Friday, May. 18, 1962

No Squares on the Square

In the gazetteer of U.S. night life, St. Louis has never placed very high. Like Atlanta, Cleveland, Buffalo or Pittsburgh, it has been traditionally an entertain-at-home sort of town, and with the exception of a night at the Symphony or Municipal Opera, most of St. Louis spent its evenings the way much of the rest of the U.S. did: watching television or drinking beer in somebody else's living room.

But now all that is changed. St. Louis finally has a place to go at night, and the place is Gaslight Square. A three-block oasis of nostalgic frivolity where some 50 gaudily atmospheric taverns, cabarets, restaurants and antique shops are packed together in fine, fin de siecle jumble, it combines a sort of Disneyland quaintness with the gaiety of Copenhagen's Tivoli Gardens and the innocent naughtiness of Gay Nineties' beerhalls.

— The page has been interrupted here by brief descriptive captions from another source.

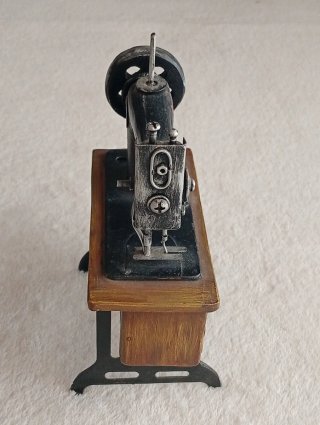 Miniatura Máquina de Coser Vickers Vintage
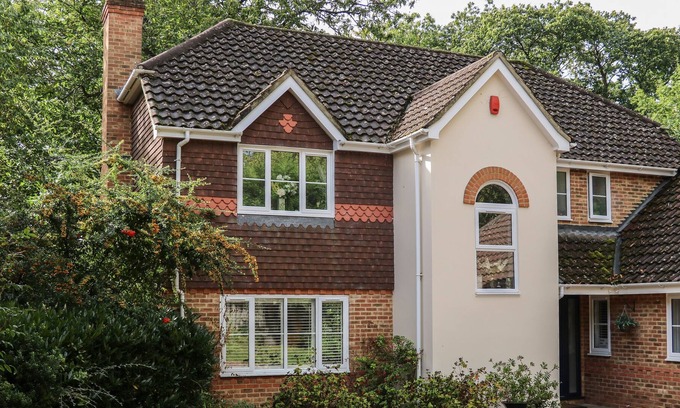 Rushmoor District Cabaña | 14 QUEEN VICTORIA COURT, family friendly in Farnborough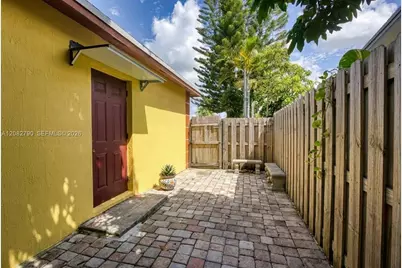15724 SW 304th Ter, Homestead, FL 33033 - Photo 22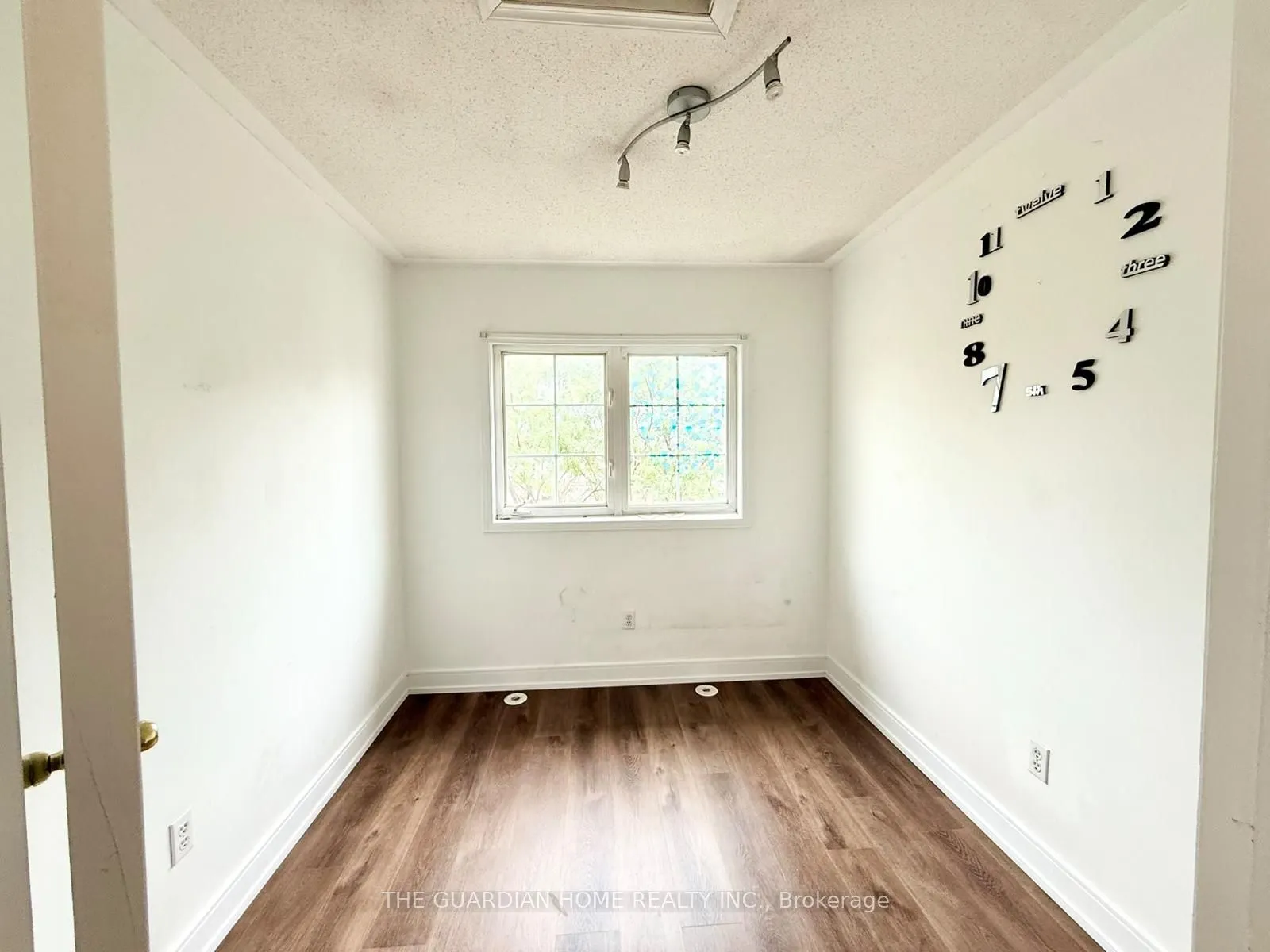 2800 Eglinton Avenue E #1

Pipers & Chicks. Old-fashioned Welsbach gas street lamps glow cheerily along the wide sidewalks of the L-shaped intersection of Olive and Boyle. With the arrival of spring, St. Louisans have been turning out by the thousands to sit in the sidewalk cafes and stroll through the square (a stroller can drift from place to place with the same drink in his hand all evening if he has a mind to). There is plenty to do, and the way is never blocked by cover charges. At the Opera House, where a frieze of 2,500 croquet balls ("I got them all for $8." says the proprietor) and mallets decorates the walls, there is Dixieland jazz. The Vanity Fair, a sort of English pub is built mostly from old telephone booths painted red and black. O'Connell's features Irish pipers, who lead customers in impromptu parades up and down the square. Bustles & Bowes has draught beer and sawdusty floors; the Roaring Twenties is an unabashed speakeasy with a high-stepping stage show, mock raids and gangland fights; the Natchez Queen is done up like a Mississippi riverboat and purveys ragtime music. The Crystal Palace, a cabaret theater, presents big-name entertainment and imported repertory players in nightly revues. Last year it grossed nearly $400,000.

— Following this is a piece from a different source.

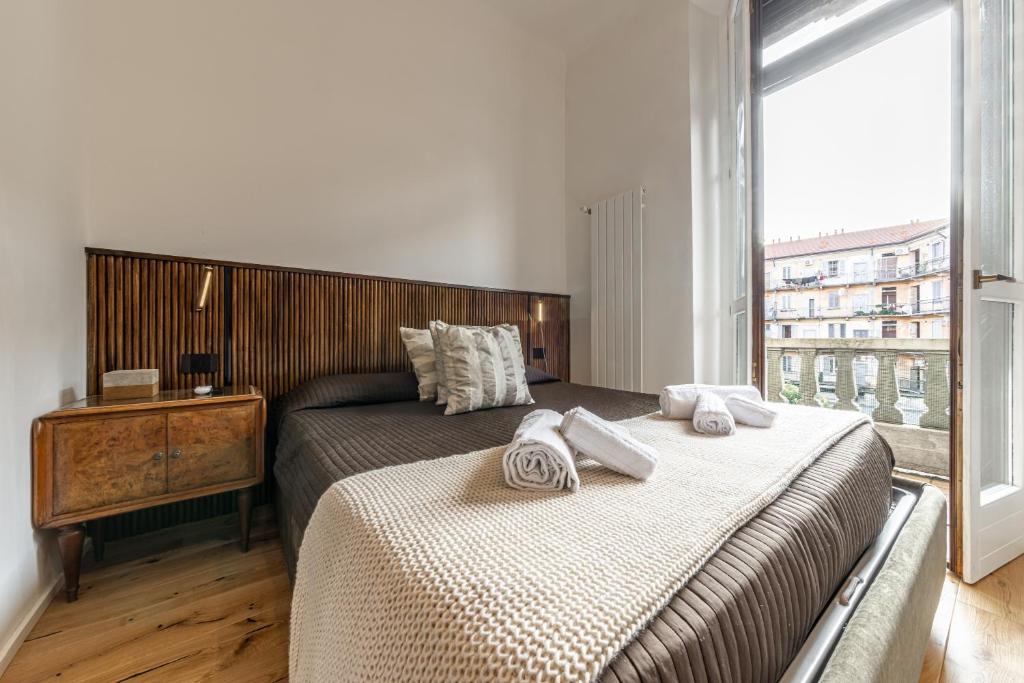 Elegant, Modern & Luxury apt with All Comforts - 3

From the first, Gaslight Square attracted a fair share of mink coats along with turtleneck sweaters and black stockings. Then the latter took on a different look as proprietors required customers to wear coats and ties. Says one cabaret owner: "We give a buck's worth of booze for a buck. And no strolling, lonely chicks. Once you start letting that happen, you are in for trouble." Today, the Square has no strippers, no gyp joints, lots of good clean gaslit fun.

Pioneers in the Gaslight Square venture are the Mutrux brothers, Dick and Paul. In the early '50s, they bought the old Musical Arts Building (here Miss Bess Morse once operated an "expression school," where Tennessee Williams and William Inge put on some of their first plays) and opened up a colorful saloon called the Gaslight. The neighborhood then was a collection of seedy secondhand stores and a community of couldn't-care-less flat dwellers. Following the Mutrux brothers was self-styled "Environmental Engineer" Jimmy Massucci, who opened up another saloon, the Golden Eagle, near by; then Jay Landesman, whose Crystal Palace theater was operating farther downtown, decided to move his establishment into the neighborhood.

Raids & Whoops. The Olive and Boyle quarter began to spruce up; even the antique-and-junk dealers caught the spirit, began upgrading their wares and window displays. St. Louis was in the process of demolishing 465 acres of downtown property for redevelopment, and the intrepid Gaslighters staged foraging raids behind wrecking crews, picking up church pews, chandeliers and marble bathtubs. With their truckloads of artifacts, they transformed the old buildings into a gingerbread plaisance calculated to bring a tear of delight to the eye of St. Louisans yearning for the good old days, a whoop of joy to younger citizens looking for a new way to have a good time.

Last year this casbah of culture and whoopdedoo earned more than $3,000,000 for its investors, and property values have tripled over the last four years. A Gaslight Square Association has been set up, and Jay Landesman has been voted unofficial mayor of the quarter. Says Landesman grandly: "It means nothing. I'd rather be king."